On April 1, 2002, the Company settled its litigation with Microsoft. In
conjunction with the settlement, the Company executed a two-year promissory note
with Microsoft for approximately $240,000 bearing interest at the prime rate and
with a maturity date of May 2004. The note is payable in monthly payments of
$10,000 plus accrued interest. As of June 1, 2003 the outstanding balance on the
note was approximately $110,000.

As of April 30, 2003, the Company had working capital of approximately $4.2
million and cash on hand of approximately $561,000 compared to working capital
of approximately $3.9 million and cash on hand of approximately $751,323 as of
October 31, 2002. The increase in working capital is due the collection of
receivables, reduction of inventory and recognition of deferred contract
revenues and costs. The Company believes the bank facility, together with cash
on hand, and projected cash generated from operations will provide sufficient
financial resources to finance the current operations of the Company through
fiscal 2003.

From time to time, the Company may pursue strategic acquisitions or mergers,
which may require significant additional capital, and additional capital may be
required to satisfy unusual or infrequent expenses. In such event, the Company
may seek additional financing of debt and/or equity.

16


OFF-BALANCE SHEET ARRANGEMENTS

Contractual Obligations and Commercial Commitments

The Company's significant contractual obligations as of April 30, 2003 are for
debt and operating leases. Debt by year of maturity and future rental payments
under operating lease agreements are presented below. As of April 30, 2003, the
Company does not have an outstanding balance on its line of credit and does not
have any purchase obligations. The Company has not engaged in off-balance sheet
financing, commodity contract trading or significant related party transactions.
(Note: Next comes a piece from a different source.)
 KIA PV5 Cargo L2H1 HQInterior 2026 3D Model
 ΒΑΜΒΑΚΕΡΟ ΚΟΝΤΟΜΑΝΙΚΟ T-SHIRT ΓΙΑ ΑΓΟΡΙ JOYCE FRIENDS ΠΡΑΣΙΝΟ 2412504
- ----------------------------------- ------------------------------------------------------------------------------
Contractual Obligations Payments Due by Period

- ----------------------------------- ------------------------------------------------------------------------------
Total Less than 1 1-3 years 4-5 years After 5
year years
- ----------------------------------- ----------------- ---------------- --------------- ------------- -------------

Notes payable - current $ 253,899 $ 253,899 - - -
- ----------------------------------- ----------------- ---------------- --------------- ------------- -------------
Notes payable - long term $ 31,139 - $ 19,353 $11,786 -
- ----------------------------------- ----------------- ---------------- --------------- ------------- -------------
Operating lease $ 707,977 $ 433,316 $ 274,661 - -
- ----------------------------------- ----------------- ---------------- --------------- ------------- -------------


The Company will receive $109,317 in aggregate sublease income through the
remainder of fiscal 2003.

Management believes that these commitments will be satisfied with current
operating cash flow.


ITEM 3. QUANTITATIVE AND QUALITATIVE DISCLOSURES ABOUT MARKET RISK

The Company is exposed to market risk related to fluctuations in interest rates
on its debt. Increase in prevailing interest rates could increase the Company's
interest payment obligations relating to variable rate debt. For example, a 100
basis point increase in interest rates would increase annual interest expense by
$38,000.

ITEM 4. CONTROLS AND PROCEDURES

Within the 90 days prior to the date of this report, the Company carried out an
evaluation, under the supervision and with the participation of the Company's
management, including the Company's Chief Executive Officer and Chief Financial
Officer, of the effectiveness of the design and operation of the Company's
disclosure controls and procedures pursuant to Exchange Act Rule 13a-14. Based
upon that evaluation, the Chief Executive Officer and Chief Financial Officer
concluded that the Company's disclosure controls and procedures are effective.
There were no significant changes in the Company's internal controls or in other
factors that could significantly affect these controls subsequent to the date of
their evaluation.

17


PART II. OTHER INFORMATION

ITEM 1. LEGAL PROCEEDINGS

There are routine legal claims pending against the Company, that occur in the
ordinary course of business but in the opinion of management, liabilities, if
any, arising from such claims will not have a material adverse effect on the
financial condition and results of operation of the Company.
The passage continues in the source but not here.